Almost all tutorials mentioned using the PTRACE_GETREGS and PTRACE_SETREGS ptrace calls to intercept and modify syscalls, which unfortunately didn’t exist on aarch64 yet. (Including this very helpful tutorial that helped me in a lot of other ways)

When I looked for alternatives in the list of ptrace calls I could use on this architecture, I found the similarly-named “PTRACE_GETREGSET” and “PTRACE_SETREGSET” calls which seemed like answer, but trying to figure out how to use that on aarch64 once again lead me to a lot of platform-specific documentation that didn’t include the one I was on.

Unfortunately, this made sense, because it turns out ptrace syscall modification involved changing the actual registers of the CPU it was running on, so it made sense that it was going to be very platform-specific. I did eventually find a bug report post that vaguely hinted at using iovecs, which was a lead, but also lead me down a pretty lengthy rabbit hole, since:

  • I had never used anything like them before.
  • iovec required an understanding of what was being put into them. (Which I very much lacked)

Luckily, I eventually found the commit where the register struct was introduced in aarch64 on Android, which gave me enough insight about how the registers were structured in aarch64 to successfully guess how to implement a ptrace wrapper I could use for ADOM, and this was the result:

It’s not the cleanest code, and it uses a hardcoded full-path for the location of my adom binary (Which I renamed to adom.bin) so I could call it from anywhere. But after compiling it with gcc ./syscall_intercept.c -o adom, I had a light, working ADOM binary I could move anywhere that worked natively on my phone!

That’s right!

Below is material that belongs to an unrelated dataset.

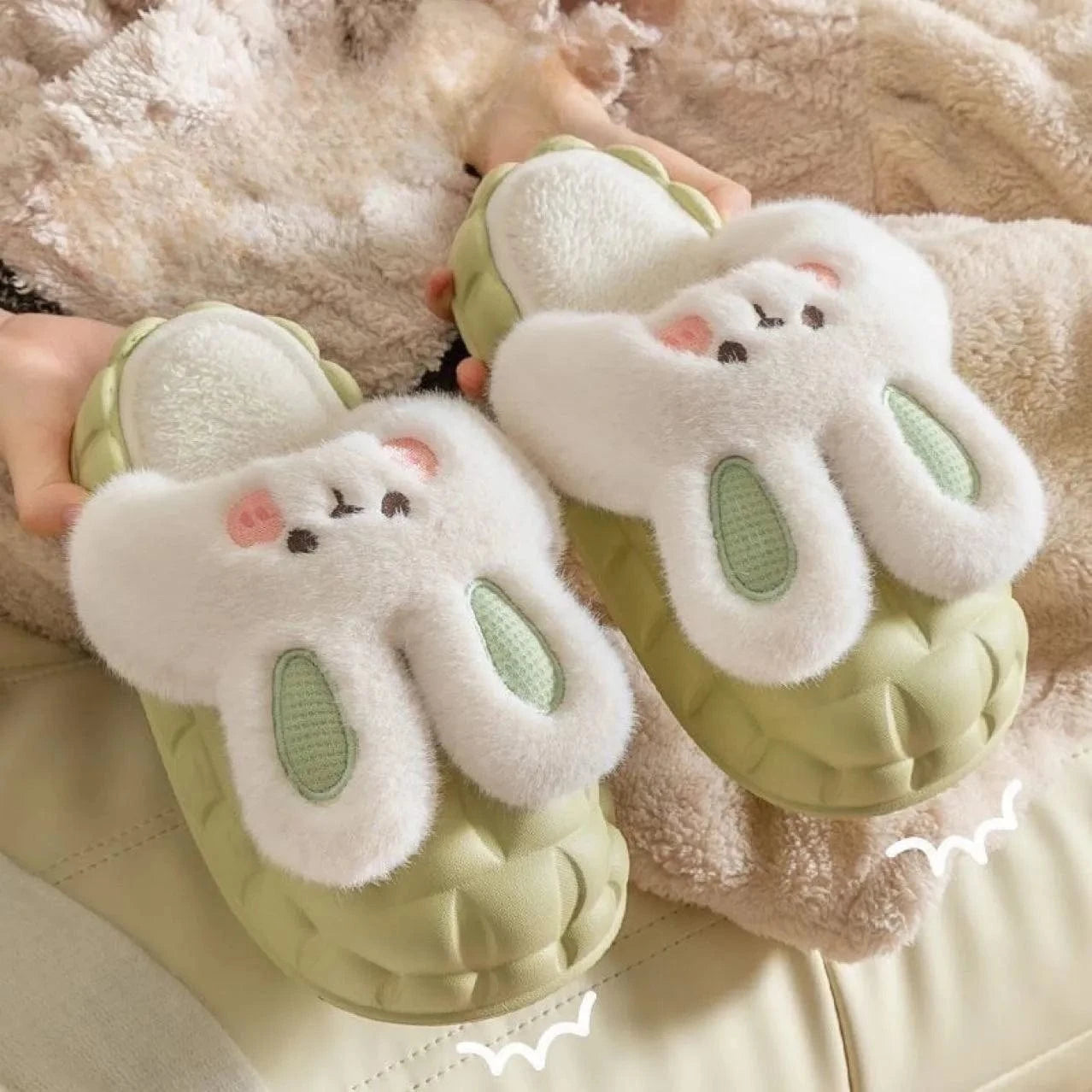Wholesale Women Anti Slippery Slippers for Winter Cotton Kawaii Rabbit Slippers New Thick Bottom Detachable Slippers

After a whole slew of research, I managed to get ADOM to run natively on my phone with ptrace! And if you compile the code above after pointing it at your ADOM binary, you can too!

Conclusion

Honestly, I came into this with pretty low expectations. I expected to either not get very far, or to be underwhelmed by the results even if they did work.

So I was pleasantly surprised when it turned out that roguelikes in Termux are not only possible, but also surprisingly playable! And unlike a lot of Android games I’ve enjoyed before, they take up next to no battery, so you can play them when you’re on a long haul somewhere without an internet connection.

It also turns out that the suspend save functionality of most roguelikes lends itself extremely well to being able to quickly start up and play games for a few minutes at a time, even if you have basically no time to do something more involved.

I’ve ended up sinking no insubstantial number of hours playing Angband, ADOM, and more recently, ToME 2 on my phone during the little bits of downtime I’ve had in my day. I don’t need to sit down and think about playing it, it just kinda “happens” now when I have a few moments to spare and I have nothing else to do.

I don’t know how many more roguelikes I’ll put on my phones, but I can say that I’m all set entertainment-wise if I ever get stranded on a desert island somewhere. And, while substantial, the effort I put into this little experiment ended up being much more worth it than I could have ever anticipated it being!

Now, if you’ll excuse me, I have some Chaos Gates to deal with.